Dopo aver parlato di futuro, Raone mi racconta del suo passato. In modo molto naturale, ma anche sincero, mi spiega di essere rimasto orfano dei genitori quando era molto piccolo: «Mia mamma l’ho persa ad 8 anni. Era incita, ma ha avuto complicazioni durante il parto di mia sorella. Sono venute a mancare entrambe. Quattro anni dopo mio papà ha avuto un problema di cuore e ho perso anche lui». Raone rimane solo con la sorella più grande. C’è però una comunità pronta ad accoglierli, quella legata al Movimento in cui sono nati e in cui la mamma e il papà erano molto attivi.

L’affetto e la cura non sono mancati nella vita del ragazzo, che racconta di aver ereditato dalla sua famiglia, molto credente, la fede cristiana. Eppure, oggi Raone si definisce agnostico e spiega le ragioni che lo hanno portato a questo punto. L’agnosticismo, nella sua prospettiva, è quando c’è il dubbio su come si è sviluppato il mondo, se c’è qualcosa tra gli esseri umani, se dopo la vita c’è un’altra vita. L’agnostico non nega come l’ateo, ma vive il dubbio, eppure questo in qualche modo non lo condiziona.

«La nostra comunità era molto unita, anche nella fede. Sono cresciuto in un clima simile a quello che si avverte all’interno di una chiesa. Mi piaceva molto. Andavo a messa, cantavo nel coro, ma volevo di più. Ho pensato anche di poter diventare prete
e focolarino». È stato proprio questo desiderare di più, nel senso di voler comprendere meglio la fede, che lo ha spinto a fare un’esperienza nella Mariapoli Santa Maria, in Brasile. Con Dio aveva un rapporto molto forte ma allo stesso tempo confidenziale, ci chiacchierava. Sentiva quello che sente una persona credente, un qualcosa. Ha iniziato lo studio della filosofia e della teologia. Cos’è la religione, perché ne abbiamo bisogno?

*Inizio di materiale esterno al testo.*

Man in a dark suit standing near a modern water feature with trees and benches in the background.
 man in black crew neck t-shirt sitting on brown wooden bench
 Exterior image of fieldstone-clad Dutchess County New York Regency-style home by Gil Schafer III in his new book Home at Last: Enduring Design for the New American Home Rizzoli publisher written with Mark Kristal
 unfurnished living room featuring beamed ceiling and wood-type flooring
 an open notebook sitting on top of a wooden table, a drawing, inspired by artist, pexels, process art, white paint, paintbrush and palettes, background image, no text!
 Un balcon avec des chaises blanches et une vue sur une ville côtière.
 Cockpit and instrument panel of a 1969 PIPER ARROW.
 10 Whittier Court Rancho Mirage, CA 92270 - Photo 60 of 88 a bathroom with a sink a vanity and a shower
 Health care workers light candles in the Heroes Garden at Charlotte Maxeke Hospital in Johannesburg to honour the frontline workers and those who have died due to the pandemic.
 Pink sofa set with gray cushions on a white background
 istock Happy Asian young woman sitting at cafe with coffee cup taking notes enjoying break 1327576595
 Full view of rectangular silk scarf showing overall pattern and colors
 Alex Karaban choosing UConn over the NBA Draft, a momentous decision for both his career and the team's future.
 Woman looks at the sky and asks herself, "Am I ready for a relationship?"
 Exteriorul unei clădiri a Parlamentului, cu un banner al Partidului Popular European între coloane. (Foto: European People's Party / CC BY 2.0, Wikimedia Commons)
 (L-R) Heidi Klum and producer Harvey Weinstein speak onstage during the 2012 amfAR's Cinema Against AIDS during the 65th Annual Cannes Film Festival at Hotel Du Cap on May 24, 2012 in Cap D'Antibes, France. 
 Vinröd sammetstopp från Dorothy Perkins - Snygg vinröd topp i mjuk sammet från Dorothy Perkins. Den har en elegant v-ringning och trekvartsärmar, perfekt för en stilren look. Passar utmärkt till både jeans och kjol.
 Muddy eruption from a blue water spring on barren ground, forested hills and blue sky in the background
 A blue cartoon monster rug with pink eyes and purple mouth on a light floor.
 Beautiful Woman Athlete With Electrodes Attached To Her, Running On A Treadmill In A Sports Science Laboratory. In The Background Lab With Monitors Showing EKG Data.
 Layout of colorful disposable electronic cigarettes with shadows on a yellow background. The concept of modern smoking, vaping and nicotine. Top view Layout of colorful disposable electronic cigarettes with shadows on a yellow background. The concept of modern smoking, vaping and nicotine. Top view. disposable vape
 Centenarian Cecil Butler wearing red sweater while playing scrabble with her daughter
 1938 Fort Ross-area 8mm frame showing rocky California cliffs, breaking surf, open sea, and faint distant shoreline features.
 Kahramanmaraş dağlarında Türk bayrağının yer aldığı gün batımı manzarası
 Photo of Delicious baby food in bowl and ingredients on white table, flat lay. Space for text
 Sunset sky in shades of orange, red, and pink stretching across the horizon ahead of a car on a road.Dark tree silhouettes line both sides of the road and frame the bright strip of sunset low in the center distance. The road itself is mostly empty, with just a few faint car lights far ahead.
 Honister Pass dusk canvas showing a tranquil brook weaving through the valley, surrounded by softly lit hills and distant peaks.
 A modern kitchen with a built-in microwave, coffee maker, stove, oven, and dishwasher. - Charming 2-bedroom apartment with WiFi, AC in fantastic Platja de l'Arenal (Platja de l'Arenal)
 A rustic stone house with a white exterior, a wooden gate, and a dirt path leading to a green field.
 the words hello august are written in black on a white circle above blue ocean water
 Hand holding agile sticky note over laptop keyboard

È stato un lungo cammino che lo ha portato a conoscere tante persone e a comprendere cosa la Chiesa diceva e lui non condivideva del tutto. Si è reso conto che non amava nel profondo Dio in tutte le cose. Così come concepito dalla Chiesa, ad oggi
per lui sarebbe una costruzione umana. Sente che c’è qualcosa nel mondo, qualcosa di più della materia, ma non lo sa spiegare. Sono tante le religioni che parlano di Dio, qualcosa ci dovrà pur essere, pensa. Eppure, ha notato come ognuno viva la spiritualità diversamente.
Allora è arrivato al punto di pensare che la spiritualità venga dall’interno, non da una chiesa al di fuori. Ma afferma anche: «Il mio non è un cammino che è arrivato a delle risposte. Ogni giorno imparo un po’ di più».

Tanti giovani si fanno domande sul senso della vita. Che senso ha darle se non si crede? Raone spiega: «Ho avuto una mamma e un papà, che sono morti. Avrei voluto pensare e credere con forza che esista un posto in cui, dopo essere morto anche io, avrei potuto ritrovarli, ma poi ho sentito che anche questa potrebbe essere una creazione umana; perciò, non vivo in funzione di questo».

Non credendo con sicurezza che dopo questa vita ne abbia un’altra, vive quella che ha al massimo, cogliendo l’opportunità dell’attimo presente e condividendolo. Questo non gli fa venire l’ansia che tutto possa finire. Dice di non temere troppo la morte perché pensa di stare vivendo bene e che, in caso morisse, abbia vissuto quello che desidera. Ci tiene a specificare: «La vita che ho, cerco di viverla al meglio. Sono felice con le piccole cose». Gli chiedo perché rimane, da agnostico, in un Movimento composto per la stragrande maggioranza di credenti. Mi risponde con semplicità: «Perché mi sento a casa».